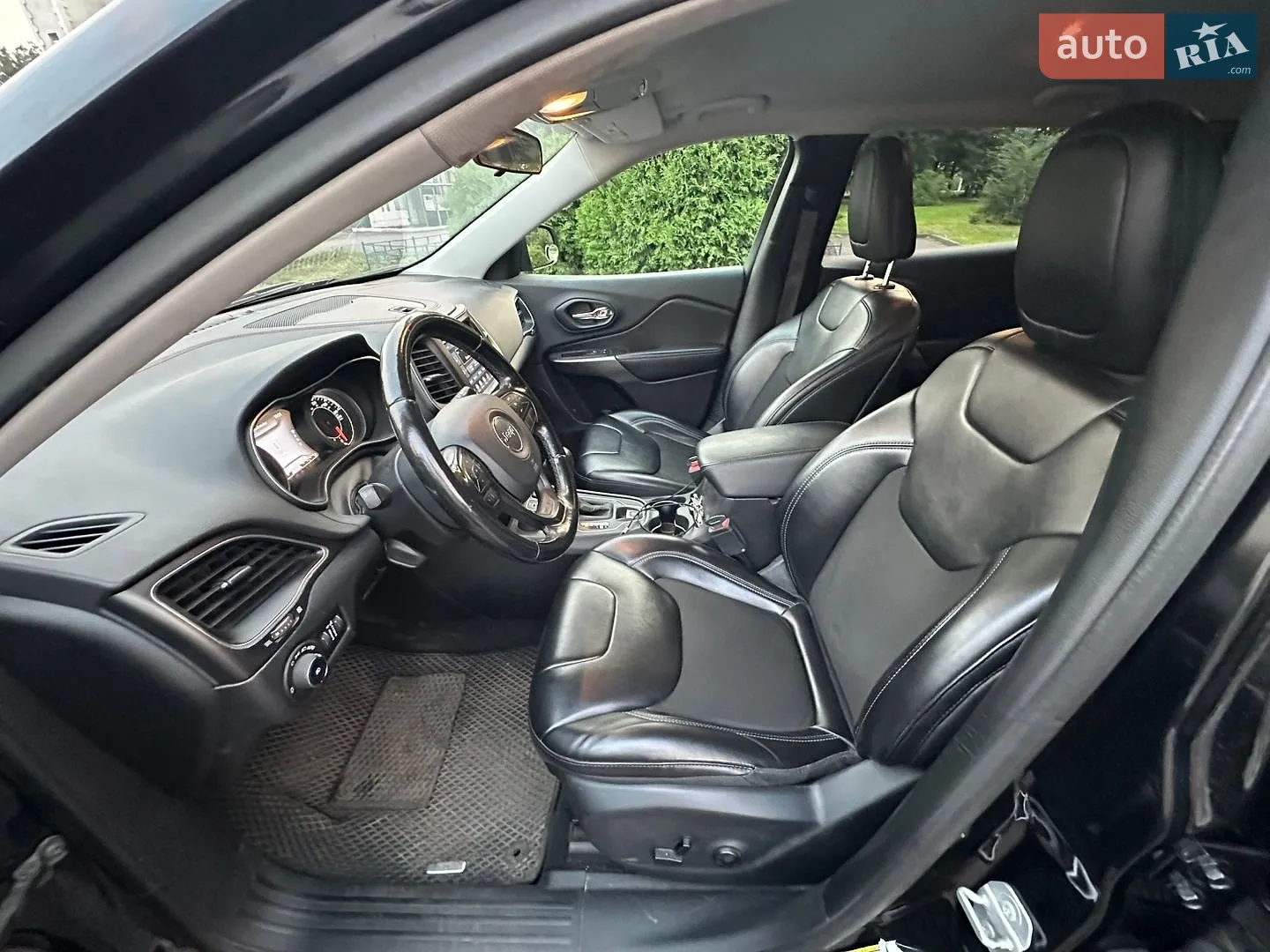 2019 Jeep Cherokee - мініатюра 13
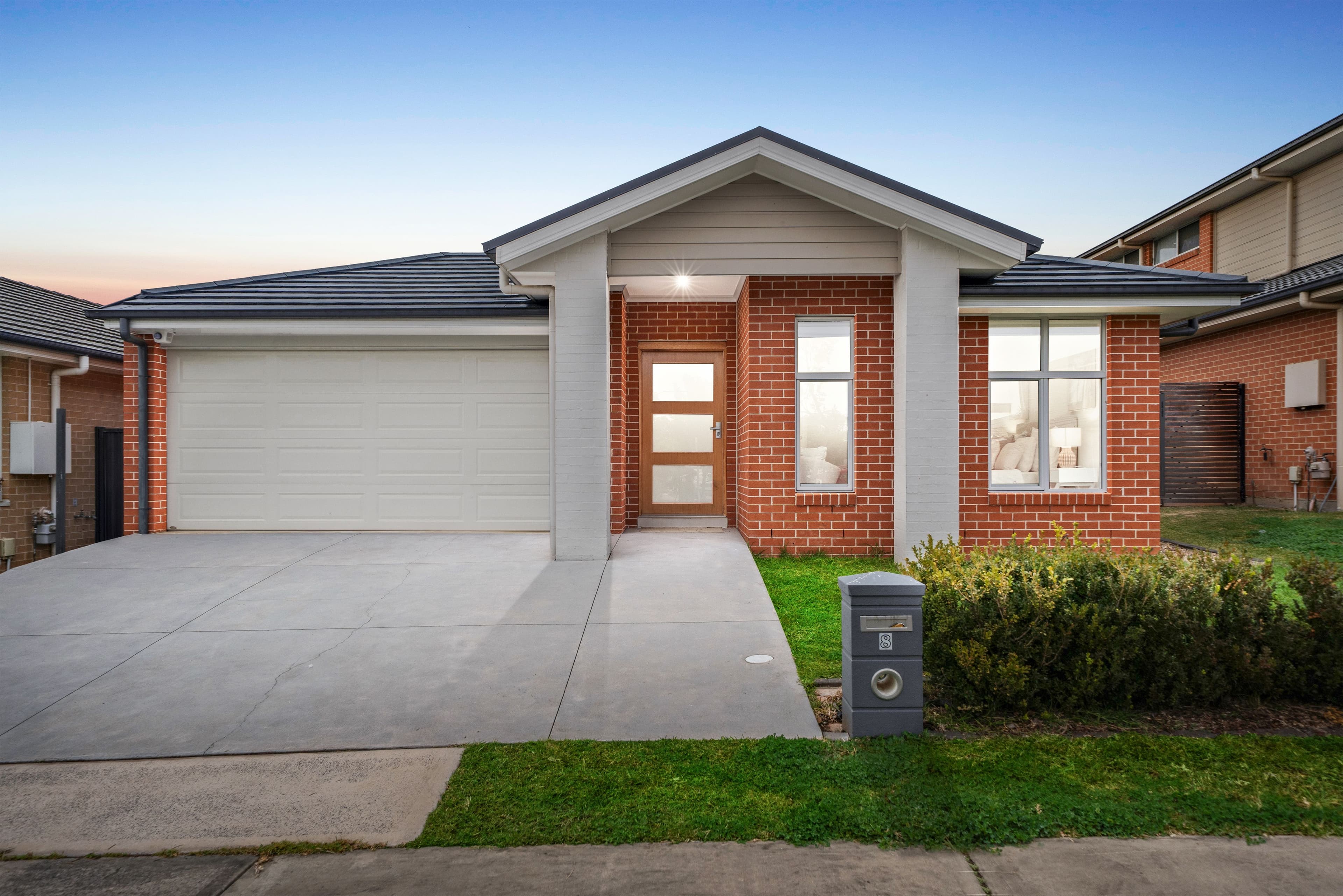 8 Wales Avenue, JORDAN SPRINGS NSW 2747, Jordan Springs - Image 1
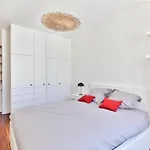 Family Apartment In 15Th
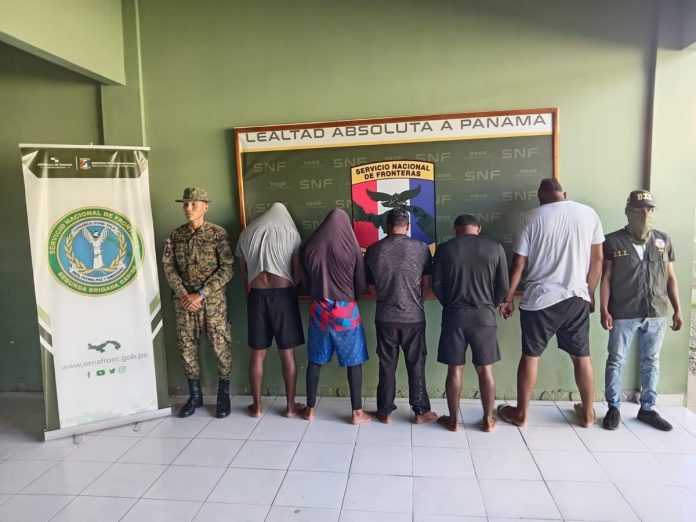 Rescatados 150 migrantes y detenidos cinco coyotes colombianos en el Caribe de Panamá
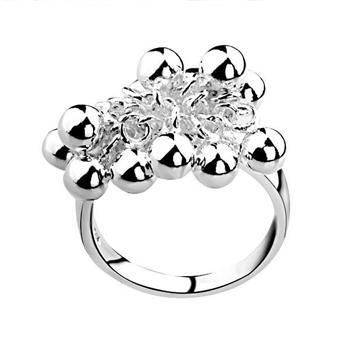 Wholesale - - Retail lowest price Christmas gift 925 silver Rings Grape ring Europe and America silver ball ring jewelry R016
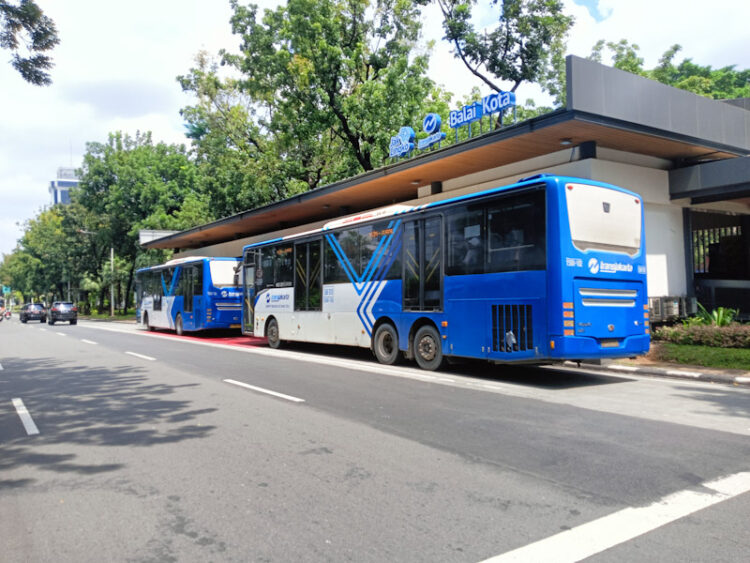 Layanan transportasi publik Transjakarta | Sumber Foto: dok. Pemprov DKI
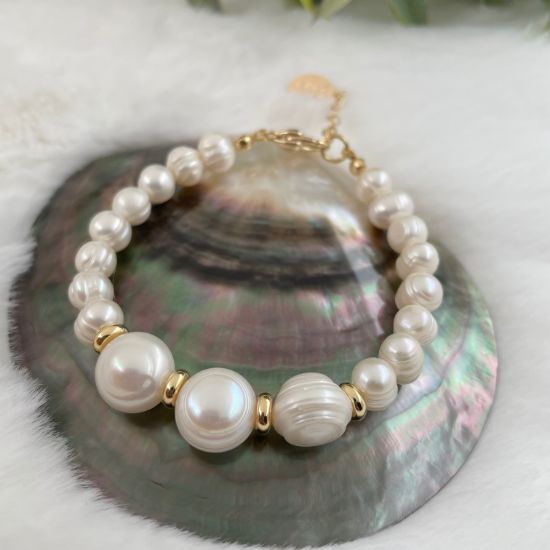 Picture of Stylish Pearl Bracelet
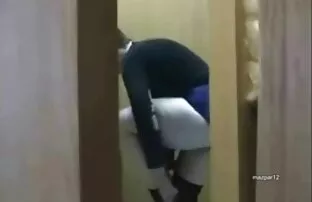 ورزش ها مشغول به کار سکس با لباس کامل در ارتقاء او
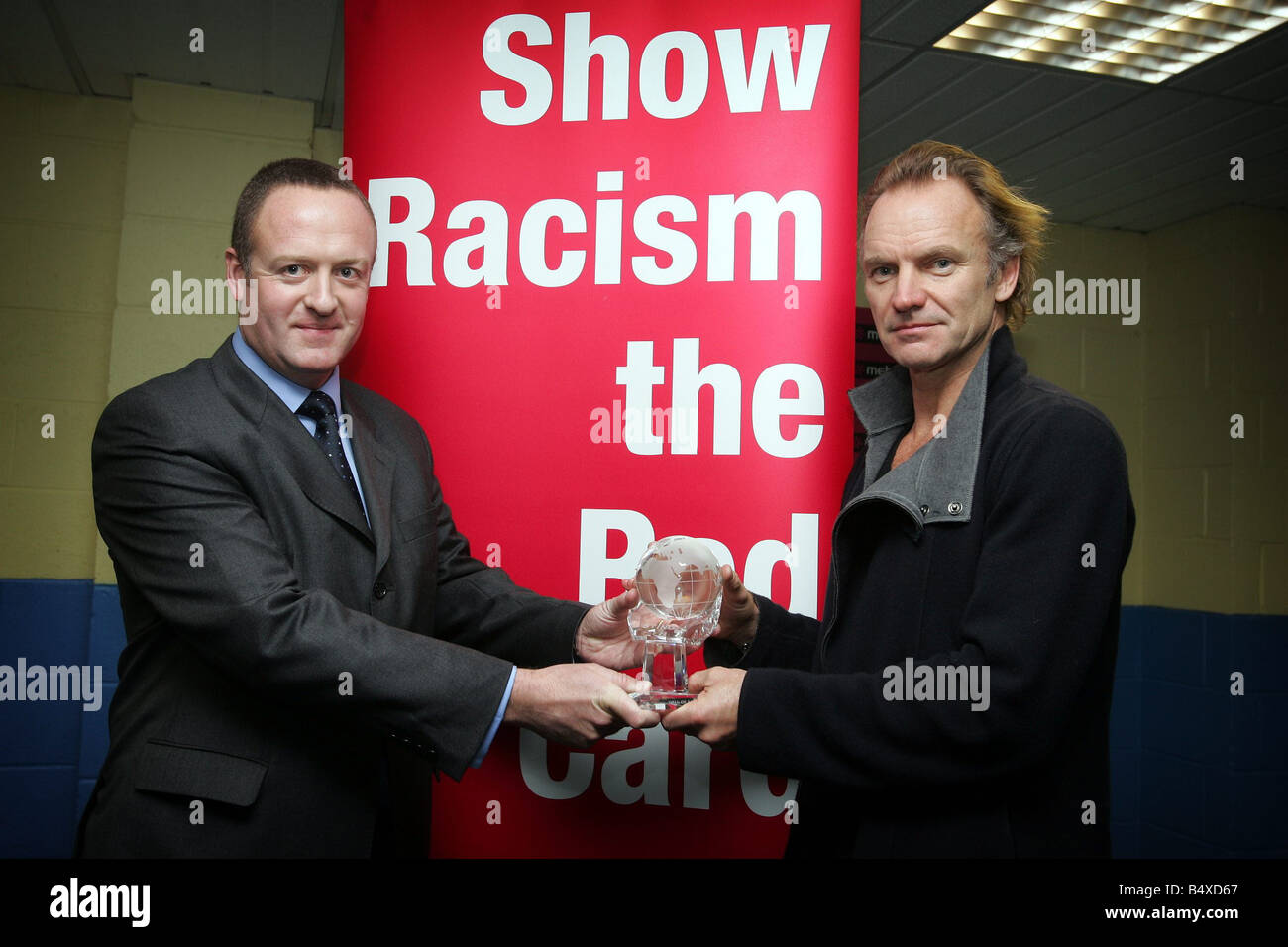 Kevin O Malley da Coutts Bank presentato Sting con un trofeo a nome del Cartellino rosso al razzismo per tutto il suo lavoro di campagna a Metro Radio Arena prima di Sting s concerto Foto Stock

_ _ _ _ _

**Work required:** Please repeat exactly the lines from the one containing "Layanan transportasi publik" through the last line of the records, both included, and leave out the pictures.

**Response for this exercise:**
 Layanan transportasi publik Transjakarta | Sumber Foto: dok. Pemprov DKI
 Picture of Stylish Pearl Bracelet
 ورزش ها مشغول به کار سکس با لباس کامل در ارتقاء او
 Kevin O Malley da Coutts Bank presentato Sting con un trofeo a nome del Cartellino rosso al razzismo per tutto il suo lavoro di campagna a Metro Radio Arena prima di Sting s concerto Foto Stock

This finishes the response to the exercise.